Les décisions du Conseil constitutionnel ne sont susceptibles d’aucun recours.
Nonobstant les pays qui n’ont pas mis en place de contrôle de constitutionnalité des lois (Angleterre, Pays-Bas, Suède, Finlande, Luxembourg, Danemark par exemple), nombreux sont les pays qui connaissent sous une forme ou une autre un contrôle de constitutionnalité après l’entrée en vigueur d’une loi.
Mais le contrôle par le biais d’une question préjudicielle (qui oblige une juridiction à suspendre la procédure jusqu’à la décision de la juridiction compétente sur la question posée) est moins répandu. En Europe, la Belgique, l’Espagne, l’Italie et l’Allemagne connaissent ce mécanisme sous des formes voisines.
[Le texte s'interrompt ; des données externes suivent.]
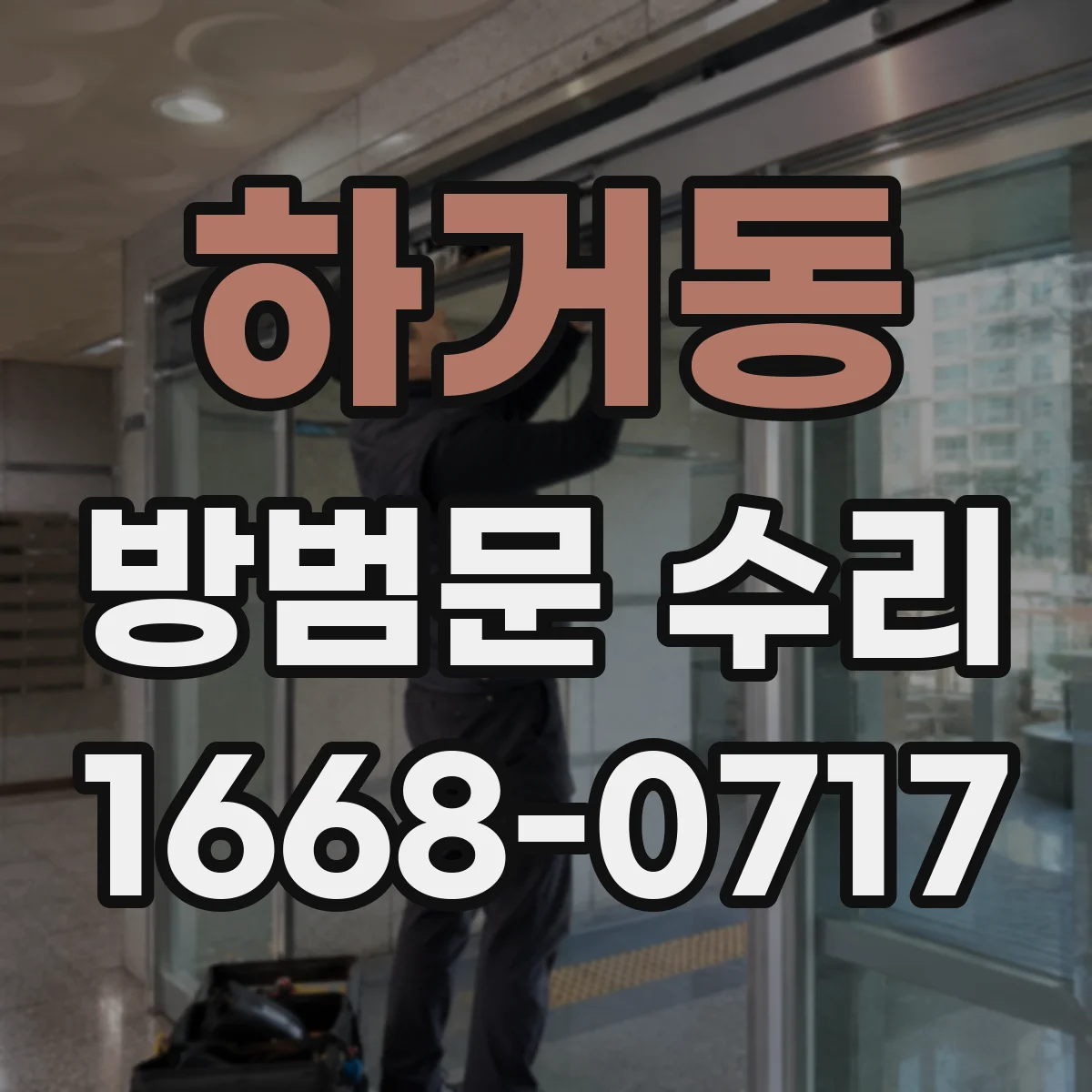 하거동 방범문 수리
Ainsi, en Italie, la Cour constitutionnelle peut être saisie d’une question préjudicielle par toutes les juridictions dès lors qu’une partie ou le ministère public soulève une question de constitutionnalité. Cette saisine ne fait l’objet d’aucun filtrage.
De même, en Espagne, la saisine du Tribunal constitutionnel s’effectue sans filtrage soit à la demande d’une des parties, soit d’office par le juge.
En Belgique, la Cour constitutionnelle peut être saisie d’une question préjudicielle posée devant n’importe quelle juridiction, soit à la demande d’une des parties, soit d’office par le juge, après une procédure de filtrage. Contrairement à la France, le juge constitutionnel se limite à écarter la norme contraire à la Constitution, il ne l’annule pas.
En Allemagne, l’examen d’une question préjudicielle est toujours soumis à l’autorisation préalable de la Cour constitutionnelle.